September 11, 2001: You Will Never Forget Where You Were


Old enough to have watched Wings live on TV.
I wrote the following on September 11, 2002 -- a year after the attacks. At the time I was furloughed from a major and had gotten a job flying a Dornier 328 turboprop for a commuter. At the risk of seeming negative, I thought it appropriate to post it here.


One year ago the cockpit door clicked shut. I took another sip of my coffee before setting it down.

"Turn Two" the captain called and I complied, turning the start selector of engine number two. The familiar vibration and soft whirring reverberated through the airplane from 70 feet behind my seat.

We were in Allentown, Pennsylvania and the Captain and I were frustrated with -- of all things -- security. We had just "beeped" when we went through security and were forced to suffer the indignity of being "scanned" in front of our customers. When I climbed into the cockpit I noticed ground-support workers, many in civilian clothes, walking across the ramp -- they had never gone through security. "Look at that!", I quipped, "Those guys have been in the country for about 2 weeks and they dont have to go through security -- we FLY the planes and we get molested!"

But the time for anger and frustration had passed. We started the left engine as the tug pushed us away from the terminal building. The 120,000 pound Boeing slowly lumbered across the apron and towards the runway. The ACARS flashed "W/B" and I ran my finger across the touchscreen, transcribing the weight and balance data from the ACARS to the FMS. I programmed weights and speeds until the familiar "Preflight Complete" message was displayed.

It was my leg and the captain relinquished the controls of the 737 to this "newhire" -- at US Airways if you worked there less than 15 years you were a newhire. For me after two and a half years in the right seat of Douglas and Boeing jetliners, I still loved the feeling of pushing the throttles forward. I'd "stand them up" and wait...god I loved that sound...the engines slowly spooling up from somewhere behind me. I pushed them up to within 10% of the calculated takeoff thrust and clicked the TOGA buttons, the Boeing autothrottles precisely setting the power for me.

"80 Knots....V1....Rotate...Positive Rate...Gear Up." The airplane roared skyward just as the rising sun flashed across the eastern horizon. "1000 feet", called the Captain, "N1, Bug-me-up, flaps 1" I replied. I hand-flew to 10,000 feet and then selected the autopilot. Now coupled to both Lateral and Vertical Nav the airplane settled in to its preprogrammed course towards North Carolina.

Out of ten-thousand feet we grumbled a time or two about security again, but soon settled into our own thoughts. For me, I stared out the window. I had 3 weeks remaining before I was to be married. There was still quite a bit to be done when I came home from this trip. The sky was so smooth... not a cloud to be seen anywhere.

An hour later we descended towards Charlotte with no idea that our nation was under attack. We were vectored towards runway 36-Right and, as I often did, I disconnected the autopilot, flightdirector, and autothrottles below 10,000 feet. The captain chuckled and mumbled something about how I'd be happier in a twin-Cessna.

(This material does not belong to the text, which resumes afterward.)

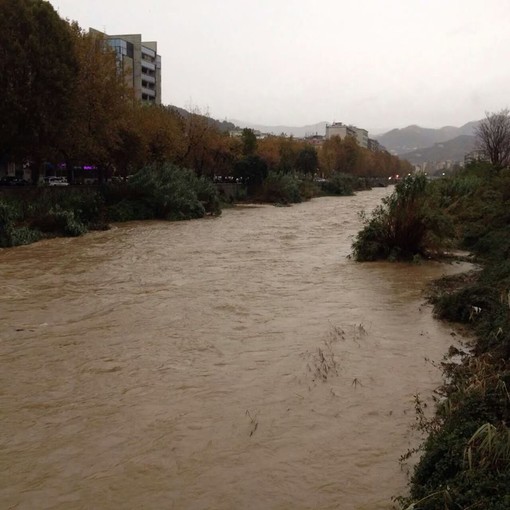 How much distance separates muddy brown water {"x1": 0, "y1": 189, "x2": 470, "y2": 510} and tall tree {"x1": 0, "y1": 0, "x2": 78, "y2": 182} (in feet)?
40.0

We saw the airport from 50 miles northeast on the arrival. We were vectored over Lake Norman, and then directly over Charlotte and past the airport on a right downwind. The Captain had pulled his seat up and was peering over me towards the airport below. "What the hell?" he muttered... directing my attention to the airport over my right shoulder.

"They're all going back to the gate...", I commented. We turned base, and then final. Sure enough the airplanes on the ground were turning around. Runway 5/23 was nearly filled with parked airplanes. The frequency filled with chatter, dozens of airplanes asking what was going on.

"We're out of business", the Captain whispered, his voice cracking. "This is exactly what happened at Braniff". The captain, obviously, recalling a memory from his own troubled past, had determined that our airline was being shut down -- we still had no idea.

The main gear brushed the ground and, holding the nose from the pavement, I pulled the thrust-reverse levers to the first detent, the cascade-type reversers sliding backwards. I did not pull them any further, not interested in applying reverse thrust. We would not exit the runway until after we had passed the intersection of 5/23 on the north side of the field. I held the nose off and allowed the autobrakes to apply their soft pressure. I tapped them off with my feet and we taxied clear of the runway.

The ramp control frequency was nightmarish. Dozens of airplanes returning to the gates, demanding information. "Silvertop Boeing just off 36R -- proceed to the gate, deplane your passengers and flight attendants, then call me to push back, we're going to put you on 5/23"

I never had the opportunity to respond. The captain was already on his cellphone, calling his wife. He clicked off his phone and looked at me -- "There has been a terrorist attack in New York", he told me "an airplane just hit the World-Trade Center".

"An Airliner??? I gasped. We were marshaled into the gate and the jetway quickly attached. The captain got on the PA, with a final announcement for our customers who would now, for at least a week, be stuck in Charlotte with us.

"Ladies and gentlemen. Look at your watch. Today we are witnessing history in the making. The United States has been attacked by terrorists. The government has, for the first time in history, elected to shut-down all of the airspace over our country. Hopefully there will be more information when you get into the terminal. God bless us all."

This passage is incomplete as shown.